■ Work to complete ■
Nothing but an exact copy is asked for: the lines in the material below from the one with "Safta Benetton Love" through the one with "夏日来临，西湖六月黄上市了吗？", pictures excluded.

■ Dataset extract ■
=== Begin Enclosure ===
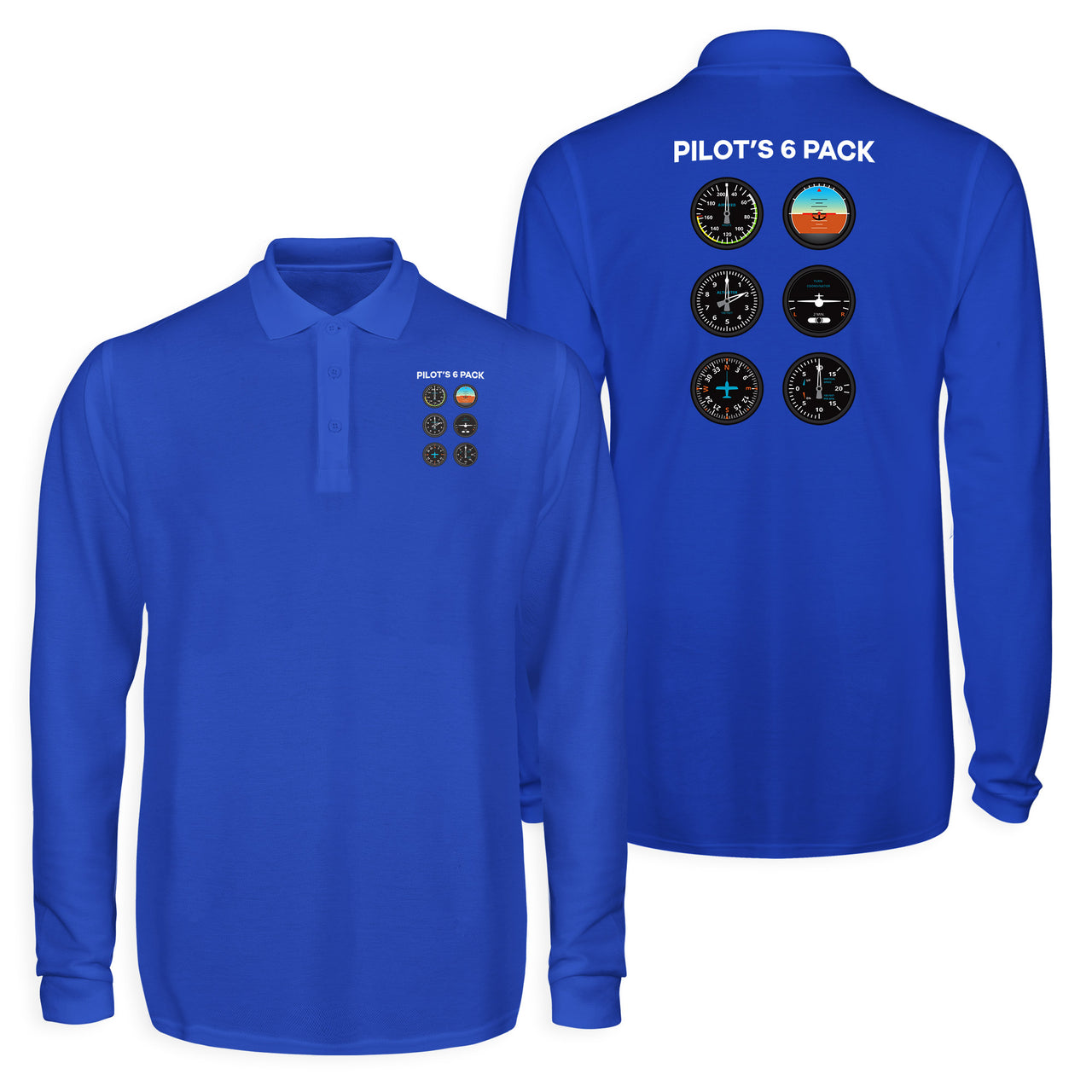 Pilot's 6 Pack Designed Long Sleeve Polo T-Shirts (Double-Side)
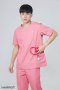 เสื้อสครับ ชุดพยาบาล คอกลม สีชมพู (เสื้อ+กางเกง) (HPG0165)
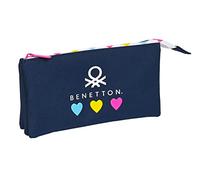 Safta Benetton Love - Portatodo Triple, Estuche Infantil, Estuche Niño, Ideal para Niños de 5 a 14 Años, Cómodo y Versátil, Calidad y Resistencia, 22x3x12 cm, Color Azul Marino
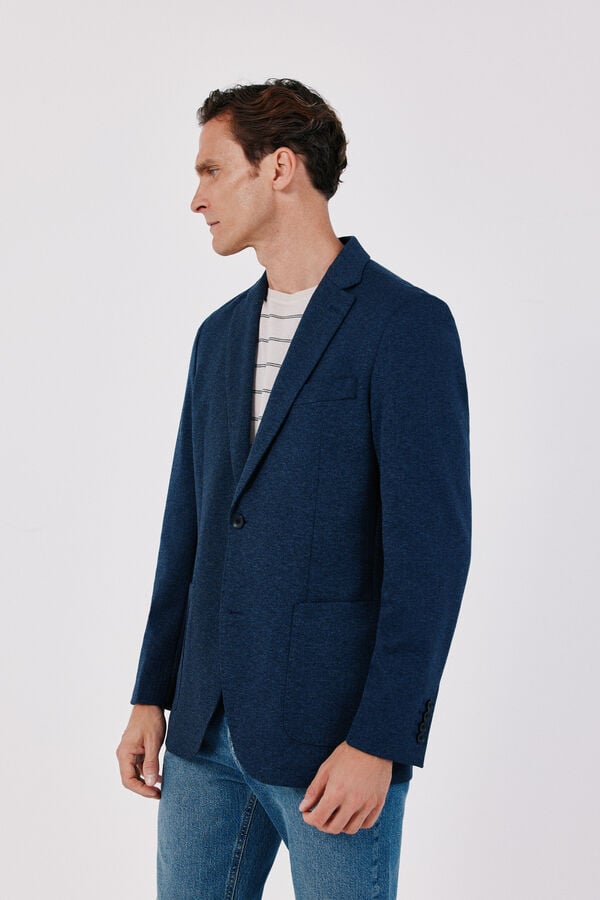 Cortefiel Navy herringbone knit blazer Blue
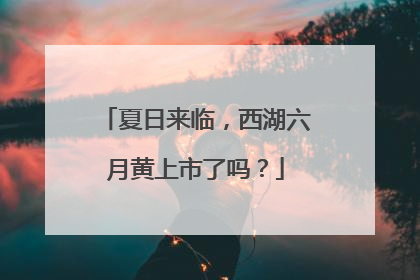 夏日来临，西湖六月黄上市了吗？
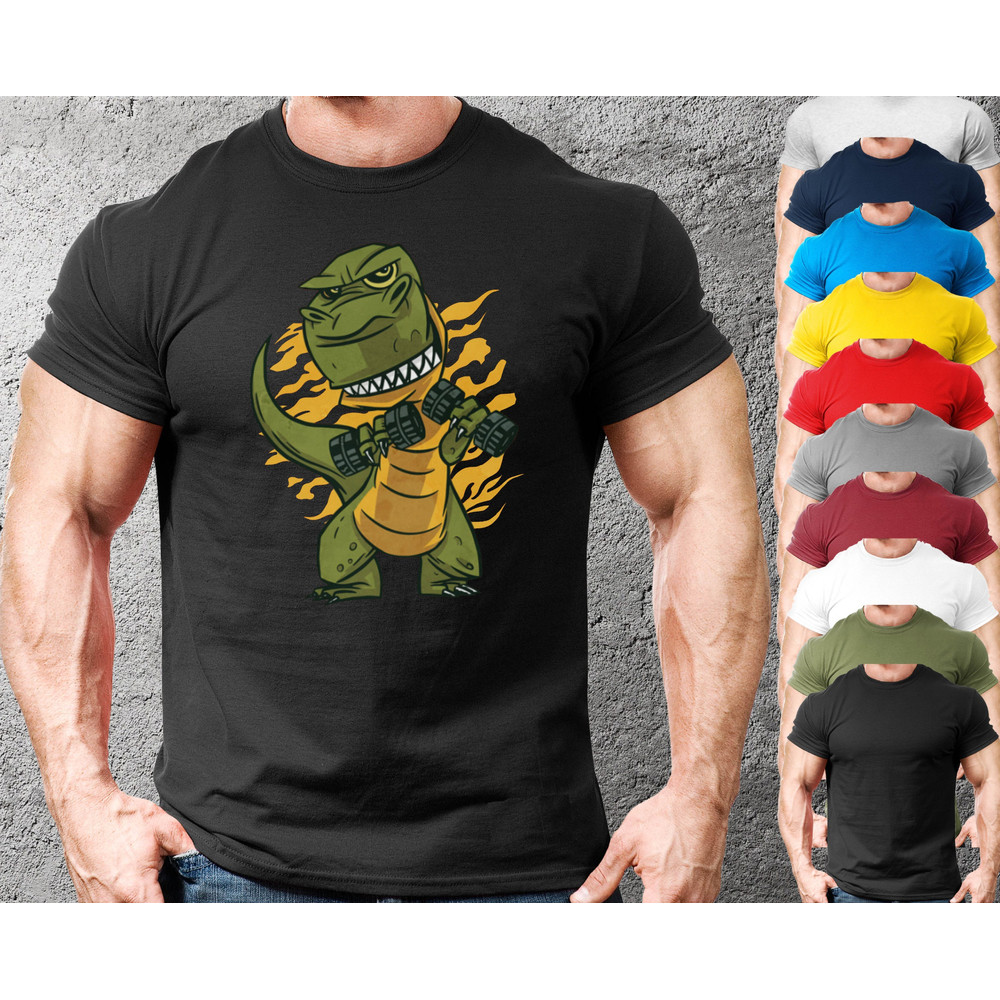 Fitness T-Rex Body Builder Shirt, Funny Pump Cover,Funny Weightlifting TShirt,Funny Bodybuilder T-Shirt,Mens and Womens Fun Fitness T shirt - 1.jpg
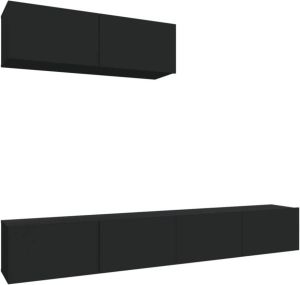 VidaXL 3-delige Tv-meubelset bewerkt hout zwart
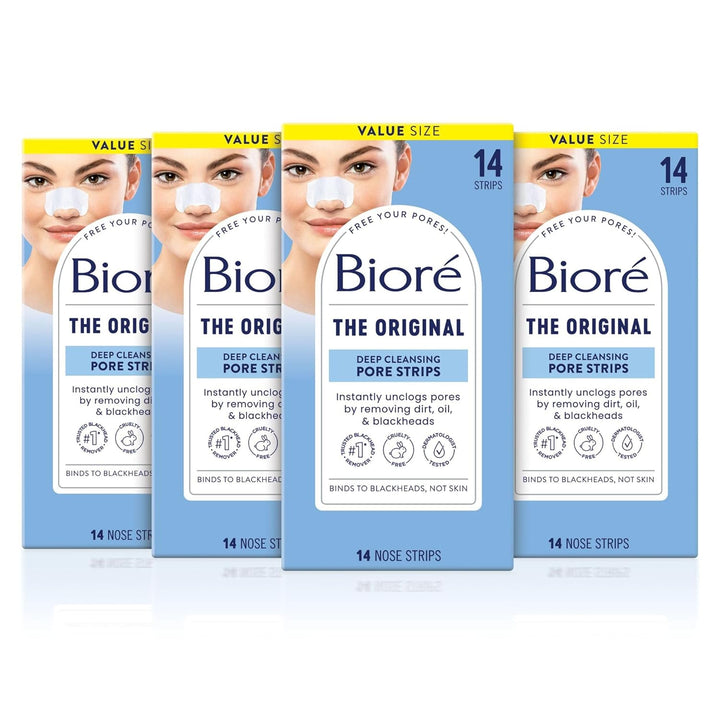 Original Blackhead Remover Strips, Deep Cleansing Nose Strips with Instant Pore Unclogging, Features C-Bond Technology, Oil-Free, Non-Comedogenic Use, 14 Count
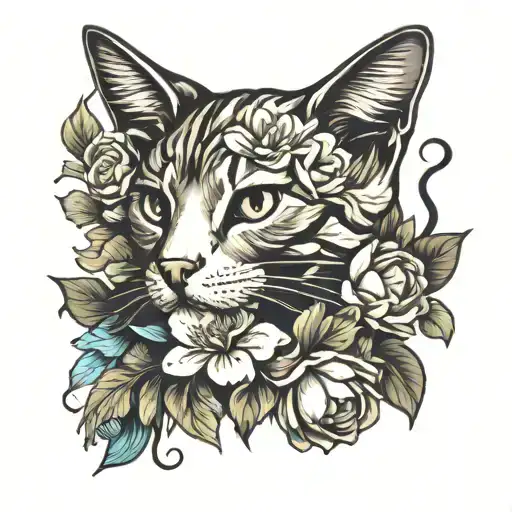 cat and flowers forming tattoo design idea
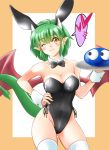  1girl 1other absurdres animal_ears black_leotard black_neckwear bow bowtie breasts bunny_ears bunny_girl bunnysuit cleavage commentary_request cowboy_shot detached_collar draco_centauros dragon_girl dragon_horns dragon_tail dragon_wings green_hair hand_on_hip highres horns leotard looking_at_viewer madou_monogatari medium_breasts nanao_futaba pointy_ears puyo_(puyopuyo) puyopuyo short_hair smile standing strapless strapless_leotard tail thighhighs white_legwear wings wrist_cuffs yellow_eyes 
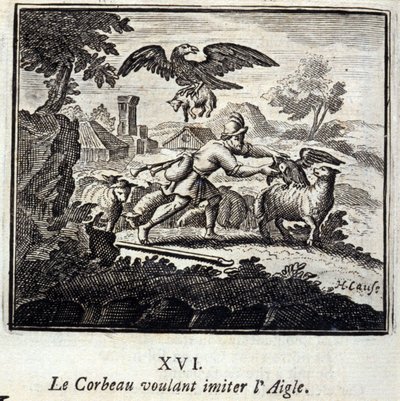 El cuervo queriendo imitar al águila. Fábulas de Jean de La Fontaine (1621-95). Ilustración de François Chauveau (1613-1676). Edición de 1728. de Francois Chauveau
=== End Enclosure ===
■ Result for this task ■
 Safta Benetton Love - Portatodo Triple, Estuche Infantil, Estuche Niño, Ideal para Niños de 5 a 14 Años, Cómodo y Versátil, Calidad y Resistencia, 22x3x12 cm, Color Azul Marino
 Cortefiel Navy herringbone knit blazer Blue
 夏日来临，西湖六月黄上市了吗？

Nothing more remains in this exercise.